IL COSTO DELLE LOBBY. Del resto anche le lobby nel loro piccolo costano, ma sono in affanno. Sul fronte delle spese il 2011 registra 1,2 milioni per finanziare 12 mesi di stage presso “le diverse sedi del Sistema di rappresentanza” dei 100 giovani selezionati dal Progetto 100 giovani per 100 anni. Soldi che hanno prosciugato la Riserva Attività Istituzionali. Un milione e ottocentomila euro, poi, se ne sono andati in viaggi e trasferte. E un altro milione è stato utilizzato in attività di rappresentanza e missioni estere. Costi per la normale gestione dell’associazione che ha assistito nel 2011 ad un notevole ridimensionamento delle disponibilità bancarie (-11 milioni) a quota 4,6 milioni. Ma il peso maggiore, direbbe Squinzi, è quello del lavoro: gli stipendi del personale costano all’associazione 12,128 milioni al netto di oneri previdenziali e accantonamenti per il tfr, somma che per le 164 persone che lavorano in viale dell’Astronomia fa uno salario medio di 5700 euro. Ma non basta, ci sono anche i consulenti e i collaboratori, che l’anno scorso tra la crisi e la fine del mandato della Marcegaglia, sono costati 2,166 milioni.
E intanto il patrimonio dell’associazione si erode. Complici le perdite di tre controllate al 100% su sei, infatti, tra il 2010 e il 2011 il patrimonio della Confindustria è diminuito di 807mila euro. Peggio sarebbe andata, però, se la quota di controllo del Sole 24 Ore fosse stata valutata ai valori di Borsa. Il gruppo editoriale che pubblica il primo giornale di economia del Paese e non vede utili da diverso tempo (8,4 milioni il rosso 2011, perdita che è già stata replicata nella sola metà del 2012), è iscritto nel bilancio al valore di 1,47 euro per azione per un totale di 132 milioni di euro. Peccato però che in Borsa il titolo langua intorno ai 60 centesimi che, se utilizzati come valore di riferimento, toglierebbero alla partecipazione quasi 78 milioni di euro con ripercussioni dirette sul patrimonio dell’editore. Ma questo succede solo se si applicano i principi contabili internazionali che usano le società quotate in Borsa. Tuttavia, spiega il documento, sulla base dell’impairment test, un’analisi che verifica se le attività siano iscritte o meno ad un valore superiore rispetto a quello reale sia in termini di uso dell’asset che di eventuale cessione, Confindustria ha ritenuto di non dover procedere alla svalutazione. Intanto al Sole 24 Ore è attivo da mesi un contratto di solidarietà per tagliare il costo del lavoro dei 1874 dipendenti – che in parte è così passato a carico degli enti previdenziali – e le prospettive per il futuro del gruppo, che tra gennaio e giugno si è bruciato 10 milioni di patrimonio, non sono tra le più rosee.
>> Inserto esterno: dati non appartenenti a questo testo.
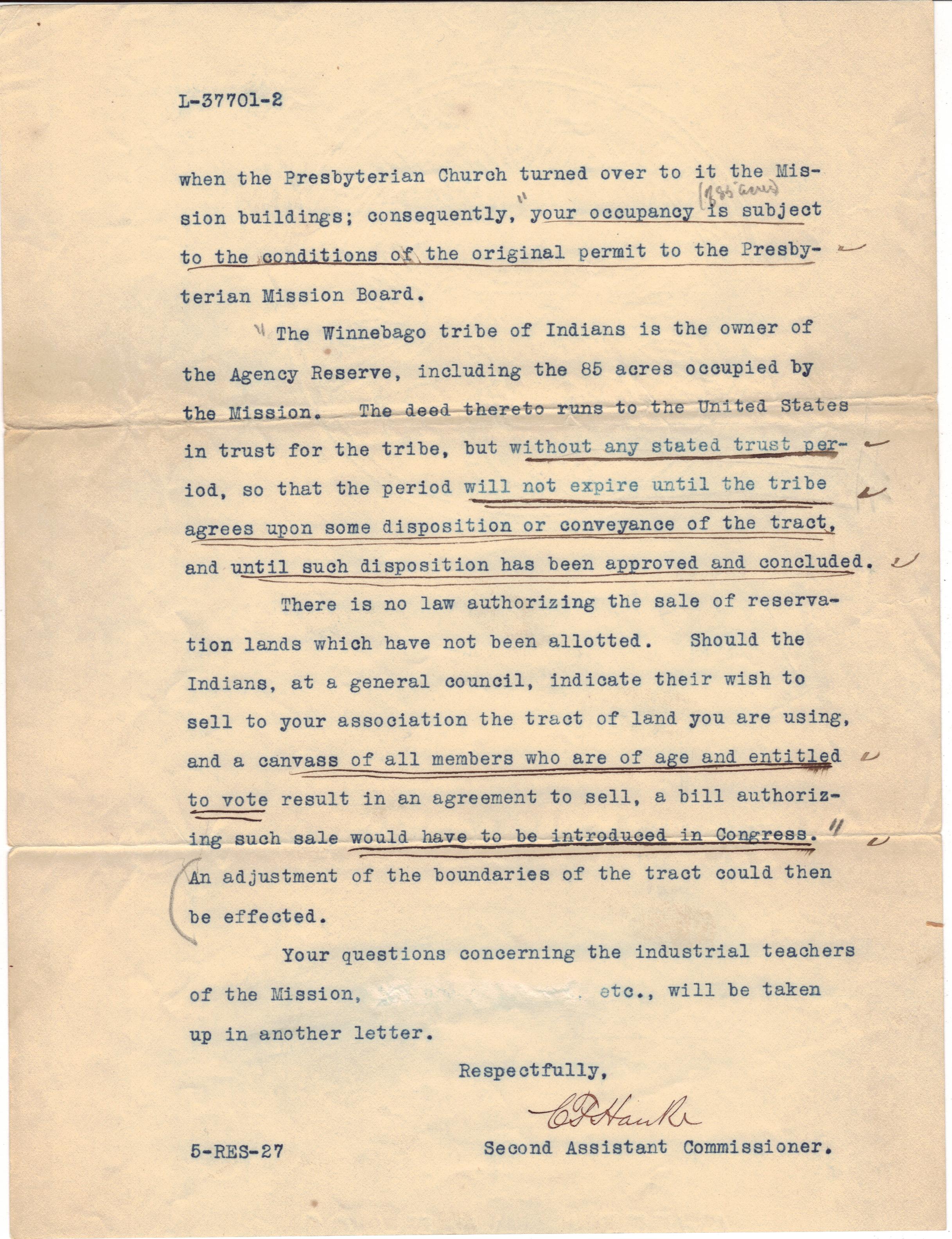 June 1, 1911: Status of Mission land ownership (2)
Ma così Confindustria è riuscita ad archiviare il bilancio dello scorso anno con un risultato positivo della gestione operativa e finanziaria da 2,2 milioni di euro, che è stato prontamente utilizzato per rimpinguare gli accantonamenti al Fondo Rischi che serve “per consentire il proseguimento della ristrutturazione organizzativa” e la Riserva attività istituzionali che era stata prosciugata dal progetto 100 giovani per 100 anni. E il cerchio si chiude. Almeno finché le aziende di Stato continueranno a sborsare le quote e non decideranno magari che far lobby presso se stessi non è poi di così vitale importanza.